Size and location will matter
What’s the outlook for community banks for the next few years? Well, not so great. That’s the view of about 30 investment bankers, equity analysts and consultants surveyed by Atlanta attorneys Jim McAlpin and Walt Moeling of Bryan Cave recently.
McAlpin said he was struck by how similar the respondents viewed the future for banking.
Community banks in particular have the worst prospects for profitability, in part because a lot of them relied too heavily on commercial real estate lending. Plus, bigger banks have more diversified income sources.
“We do have some community banks that are doing very well,’’ said McAlpin. “The challenge has been the significant increase in community banks in large urban areas, where it is more difficult to compete. We believe there is going to be opportunity in suburban and rural areas (instead).”
In fact, the consistent view of the industry analysts was that banks with less than $500 million in assets will have a tough time competing anywhere outside a rural area.
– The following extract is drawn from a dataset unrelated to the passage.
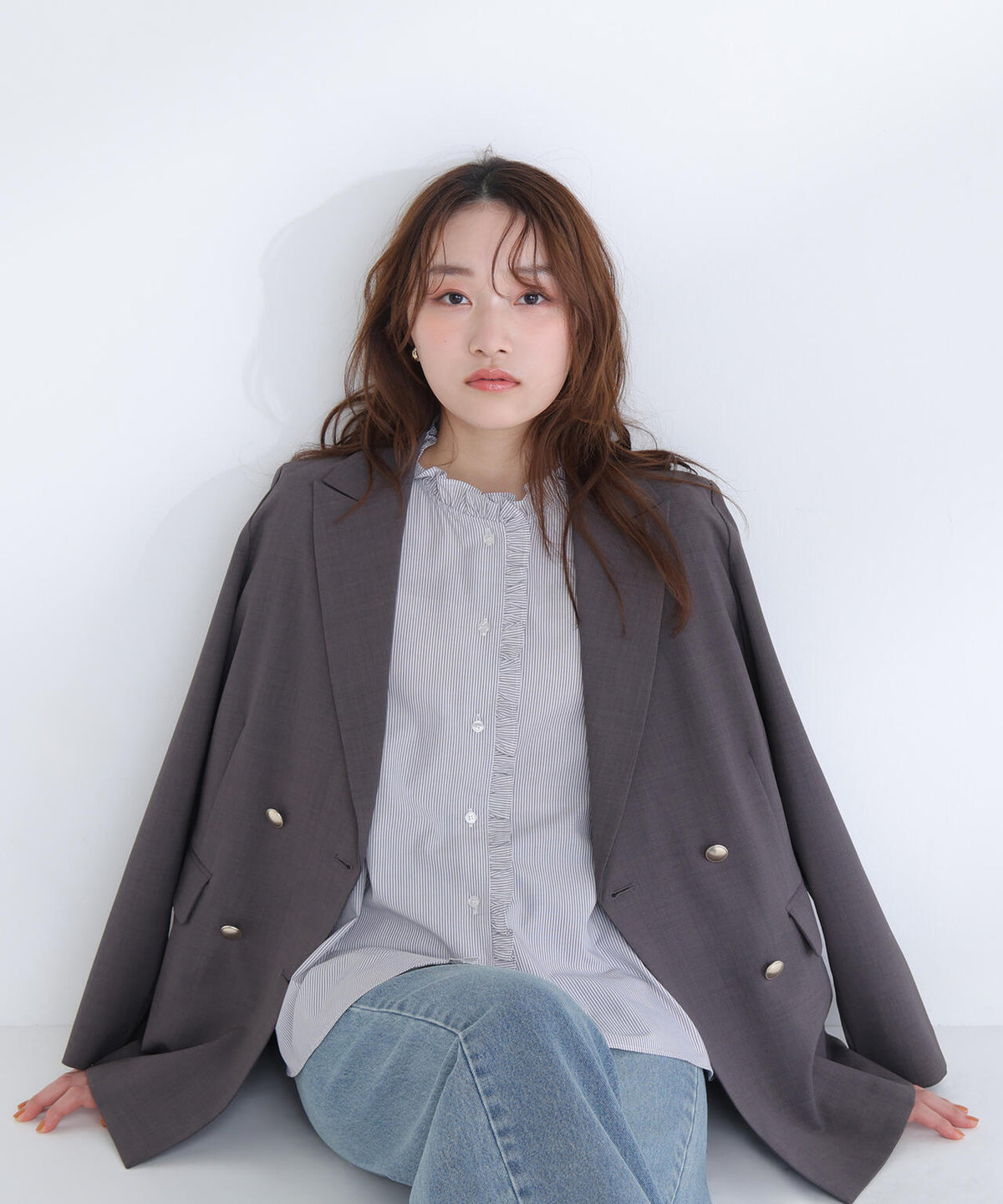 リネンライクダブルブレストボクシージャケット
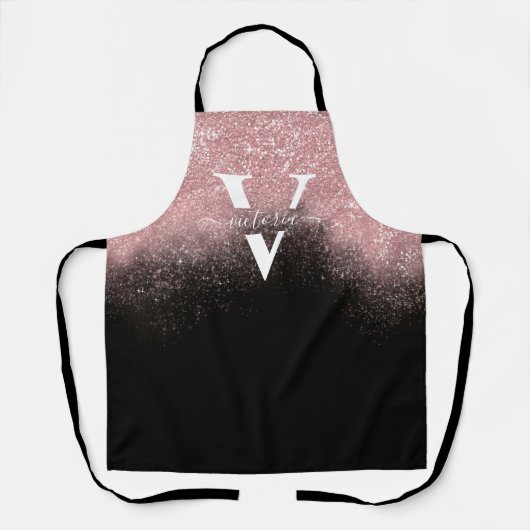 Rosa Glitzer Sparkle Monogram Black Girl Custom Schürze (Vorderseite)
“Size and scale will increasingly matter in the world of community banks,’’ the attorneys wrote in their survey summary.
The expectations for profits are more dismal the smaller the bank. The survey respondents on average expect 2013 returns on assets to be:
- For banks under $500 million in assets: .50 to .85 percent.
- For banks between $500 million and $1 billion in assets: .7 percent to 1 percent.
- For banks between $1 billion and $10 billion: 1 percent to 1.25 percent.
- For banks above $10 billion in assets: 1.25 percent to 1.3 percent.
Industry analysts also expect mergers and acquisition pricing to stay lower for years to come.
“1.5 (times) book will be the new 2.5 (times) book value of a few years ago,” Peyton Green of Sterne Agee wrote in response to the survey.
Nobody expects huge rebounds in earnings and growth, so there’s not much premium buyers will be willing to pay, analysts said.
What was the prediction for pricing in 2013?
- Banks with less than $500 million in assets: lucky to get book value.
- Banks with between $500 million and $1 billion in assets: 1.25 times book.
- Banks with between $ 1 billion and $10 billion in assets: 1.25 times book to 1.5 times book.
Because of the lack of organic growth opportunities in a slow economy, bankers will focus on profitability and cutting expenses, some industry observers said. Core deposits will be significant drivers of value, the attorneys said.
“There will continue to be consolidation but viable communities will always recognize the need for a ‘local’ bank,’” the report said.